= Directions for this task =
Restate word for word all of the lines below, with each image left out.

= Information shown =
<<<<

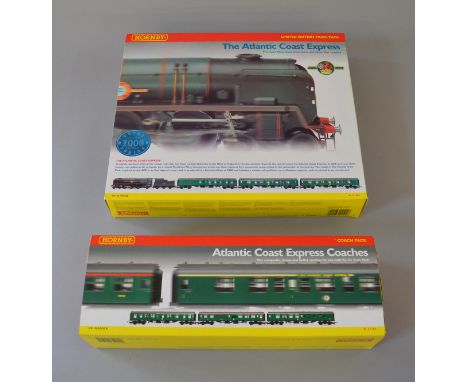 OO Gauge. Hornby. R.2194 "Atlantic Coast Express" train pack. BR Merchant Navy "Holland Ameria Line" & 3 coaches, together wi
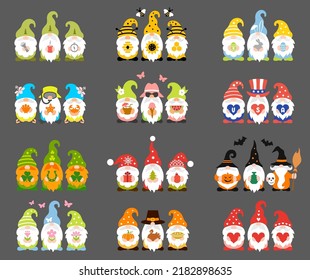 Set of holiday gnomes. Funny designs for all occasions and seasons design. Collection of vector signs, icons and design elements.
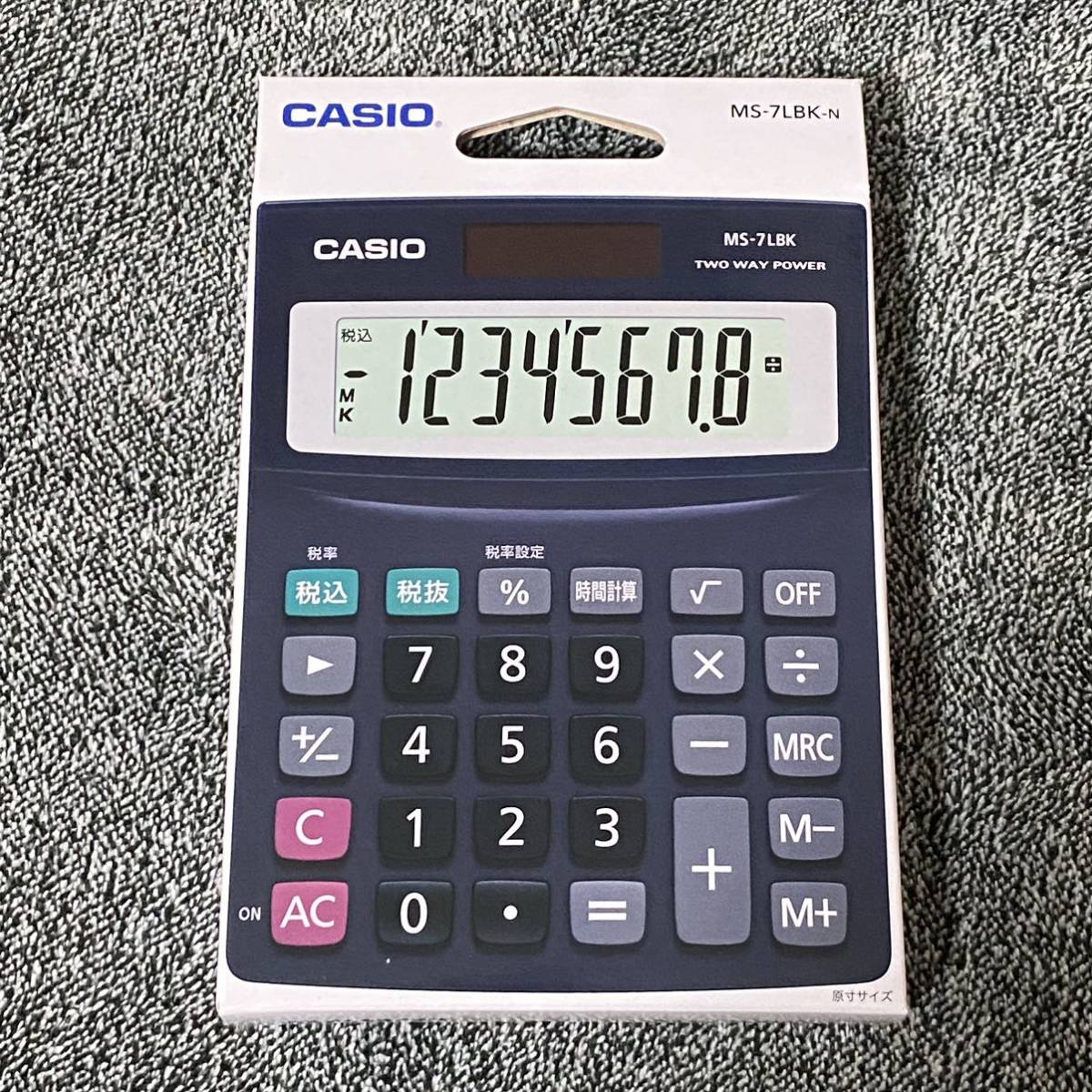 新品 CASIO カシオ 電卓 MS-7LBK-N 税計算 時間計算 計算状態機能付き 8桁 送料無料 送料込の画像4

>>>>

= Response for this exercise =
 OO Gauge. Hornby. R.2194 "Atlantic Coast Express" train pack. BR Merchant Navy "Holland Ameria Line" & 3 coaches, together wi
 Set of holiday gnomes. Funny designs for all occasions and seasons design. Collection of vector signs, icons and design elements.
 新品 CASIO カシオ 電卓 MS-7LBK-N 税計算 時間計算 計算状態機能付き 8桁 送料無料 送料込の画像4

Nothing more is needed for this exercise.